LT2, Hudson Beare Building
TPLS Mini-Symposium and TPLS Version 2 Opensource Launch
Including Keynote by Professor Christian Ruyer-Quil, Université de Savoie - Chambéry
Venue - LT2, Hudson Beare
All of you are cordially invited to the second open source release of the TPLS flow solver. The full programme for the day is indicated below.
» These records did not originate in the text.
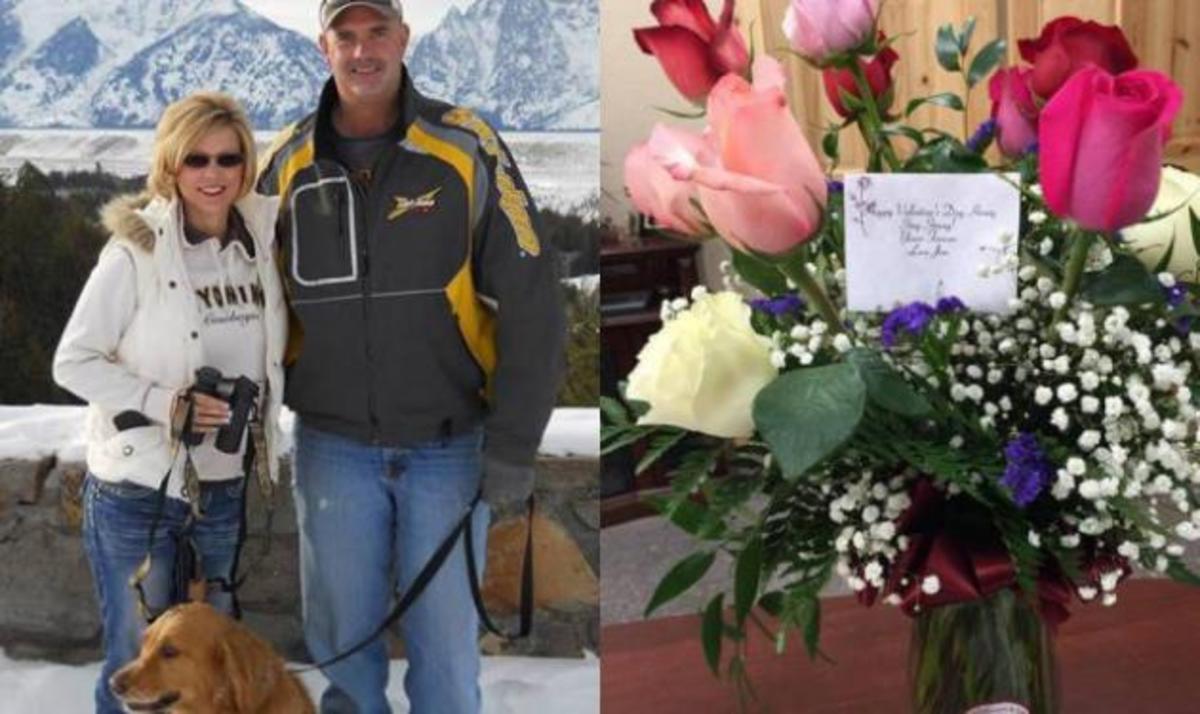 Συγκινητικό: Έστειλε λουλούδια στην γυναίκα του για την ημέρα του Αγίου Βαλεντίνου ενώ είχε πεθάνει!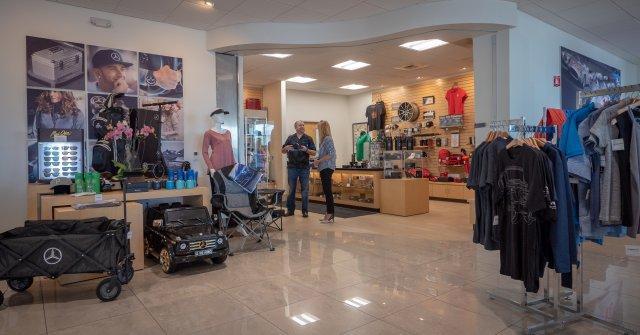 used 2021 Mercedes-Benz C-Class car, priced at $25,499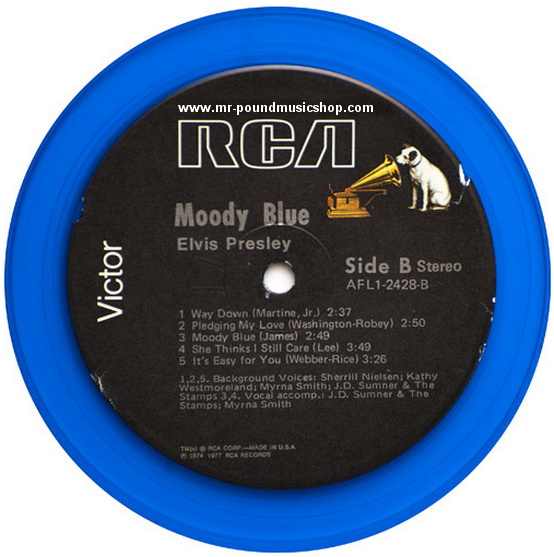 Elvis Presley - Moody Blue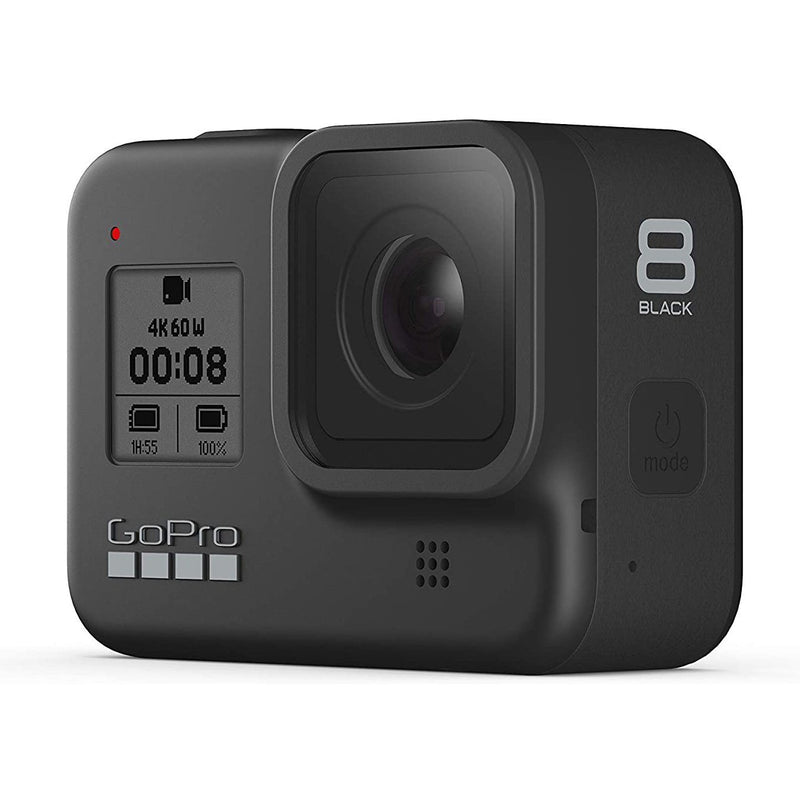 GoPro HERO8 4K Waterproof Action Camera - Black Cameras & Surveillance - DailySale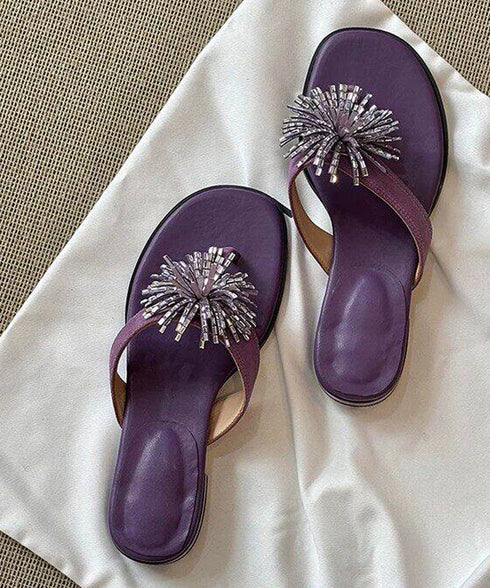 Crystal Burst Sandal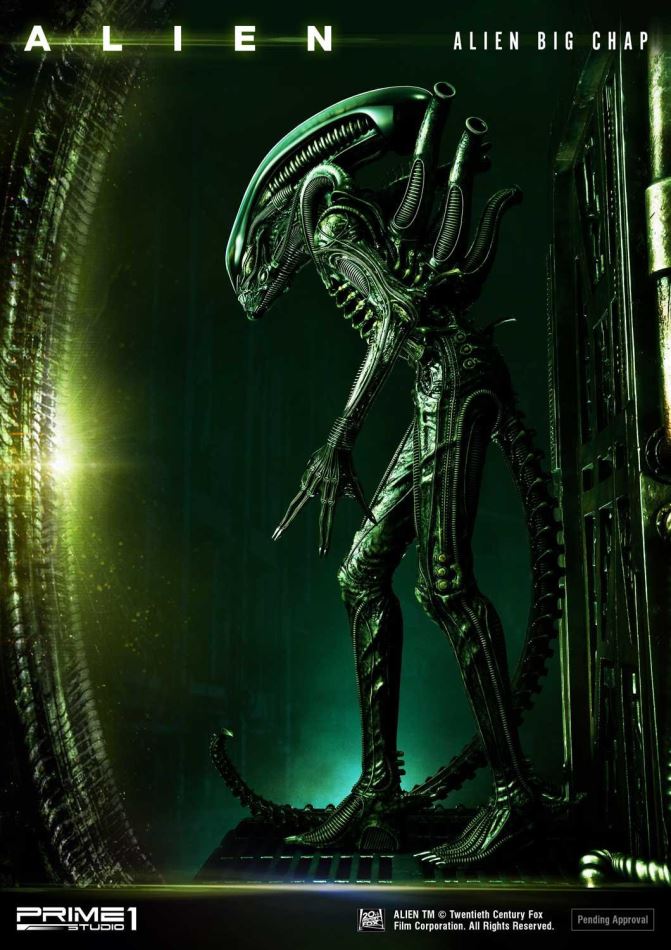 Alien Big Chap (Prime 1 Studio)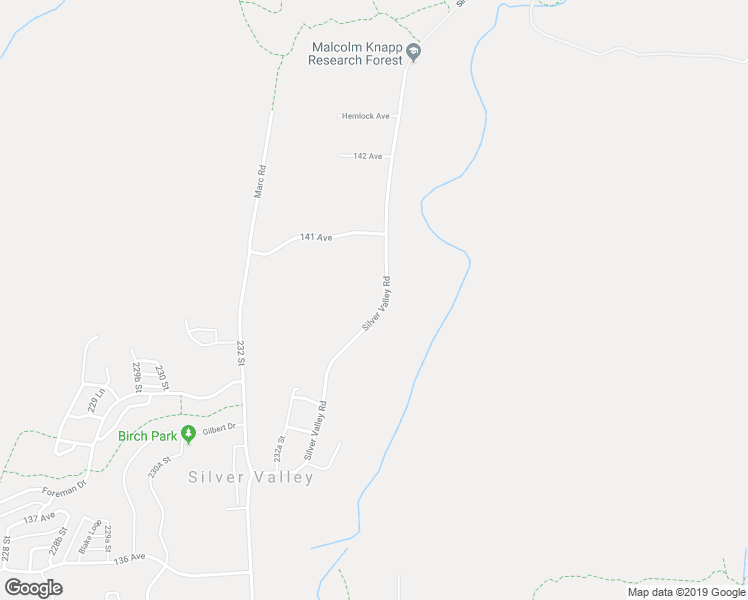 map of restaurants, bars, coffee shops, grocery stores, and more near 14027 Silver Valley Road in Maple Ridge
TPLS is an ultra-high resolution 3D two-phase flow solver, freely available as open source. It has already been used to understand flows in several engineering applications including two-phase flows in channels, droplet evaporation and vertical counter-current flows in carbon-capture equipment. You might recollect that the first version was released around two years ago. Ever since the first launch, the solver has garnered several users in academia and industry, clocking 244 downloads to date. Highlights of the second version include:
- The unique diffuse-interface method (Ding et al, J. Comp. Phys, 226 (2), 2078–2095) as a second choice for interface-tracking. The diffuse-interface method is particularly useful for simulating flows with contact-lines.
- Choice of two interface tracking methods - the Level-Set Method and the Diffuse-Interface method.
- Parallel I/O - resulting in reduced output file size and contributing to speed-up.
- Improvised parallel performance - further optmised solvers.
- Highly parallelisable using mixed OpenMP/MPI architecture
- Optimised on ARCHER (> 3072 Cores);
- Fortran coding with PETSc subroutines and parallel-NETCDF I/O
TPLS has been developed by Lennon Ó Náraigh, Dr Prashant Valluri, Dr Toni Collis, Dr David Scott, Iain Bethune and Prof Peter Spelt under the aegis of several ARCHER (previously HECToR) computer time grants and funding from EPSRC and the eCSE programme. Further information on the contributing developers and funding programmes can be found in the further information section below.
(Fig on right) Pressure disturbances and streamlines in a counter-current gas-liquid flow during the so-called loading point. 2013 ChemEngDay UK Best Poster Prize. Mr. Patrick Schmidt, School of Engineering, The University of Edinburgh
- 13:00–13:05 - Welcome (Prash Valluri, Engineering)
- 13:05–13:15 - Brief intro about TPLS (Lennon Ó Náraigh, Maths @ UC Dublin)
- 13:15–14:15 - Keynote Seminar (Professor Christian Ruyer-Quil, Université de Savoie - Chambéry)
- 14:20-14:35 – TPLS Launch (Iain Bethune, EPCC)
- 14:40–14:50 – Recent most developments in TPLS & Performance Enhancement (Toni Collis, EPCC)
- 14:55–15:05 – Making TPLS easy to use - Contributions from the SSI (Michael Jackson, EPCC/SSI)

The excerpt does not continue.